Three years ago, when Professor Chen Shih-chi was visiting Carnegie Mellon University as an invited speaker from Hong Kong, he happened to strike up a conversation with Dr Leon Zhao Yongxin. As a result of their discussion, the two researchers became inspired to use their combined expertise to solve a long-standing challenge in the manufacture of nanodevices.

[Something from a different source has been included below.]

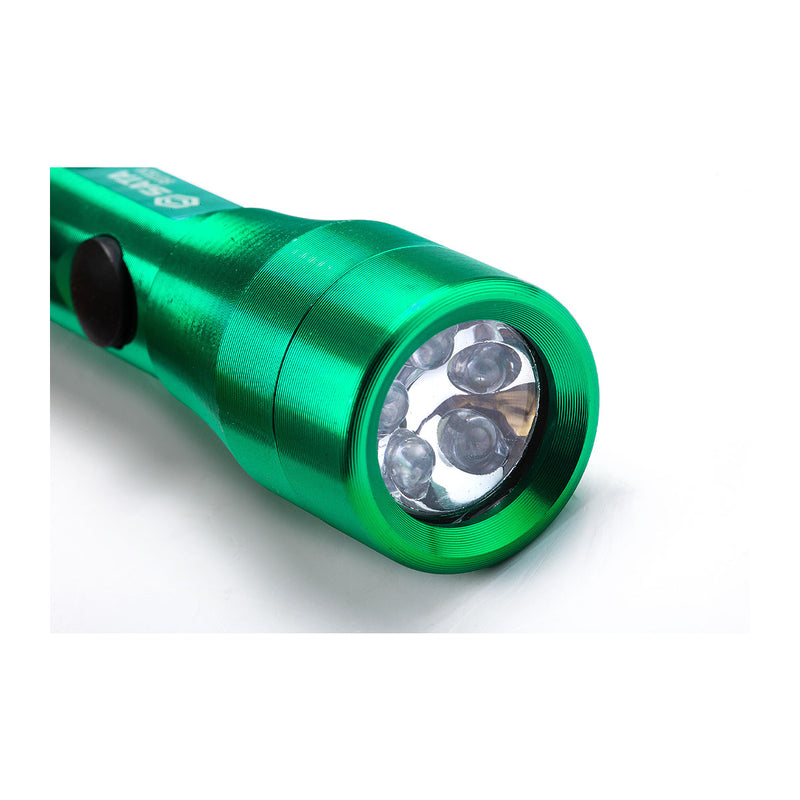Đèn pin cầm tay SATA 90732A thân nhôm, dùng 2 pin AA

Chen is a professor in the Department of Mechanical and Automation Engineering at the Chinese University of Hong Kong. At Carnegie Mellon, Zhao’s Biophotonics Lab develops technique to study biological and pathological processes in cells and tissues. For example, expansion microscopy is a protocol that enlarges samples embedded in a hydrogel, enabling a view of fine details without any upgrade of existing microscopes. What Chen and Zhao wanted to do was the exact opposite: create the 3D pattern of a material in hydrogel and shrink it for nanoscale resolution.
“Shih-chi is known for inventing the ultrafast two-photon lithography system,” Zhao said. “We met during his visit to Carnegie Mellon and decided to combine our techniques and expertise to pursue this radical idea.”
Conventional 3D nanoscale printers focus a laser point to process materials serially, which is why it takes a long time to complete a design. Chen’s invention changes the width of the laser’s pulse to form patterned light sheets, allowing for a whole image containing hundreds of thousands of pixels to be printed at once. Called ‘femtosecond project two-photon lithography’, the method is up to 1,000 times faster than previous nanoprinting techniques.
For the process, researchers would direct the femtosecond two-photon laser to modify the network structure and pore size of the hydrogel, which then creates boundaries for water-dispersible materials. The hydrogel would then be immersed in water containing nanoparticles of metal, alloys, diamond, molecular crystals, polymers or fountain pen ink.
“Through fortuitous happenstance, the nanomaterials we tried were all attracted automatically to the printed pattern in hydrogel and assembled beautifully,” Zhao said. “As the gel shrinks and dehydrates, the materials become even more densely packed and connect to each other.”
This collaboration between Chen and Zhao may open doors for designing sophisticated nanodevices. The results have been published in the journal Science.
Zhao said: "In the end we would like to use the new technology to fabricate functional nanodevices, like nanocircuits, nanobiosensors, or even nanorobots for different applications. We are only limited by our imagination."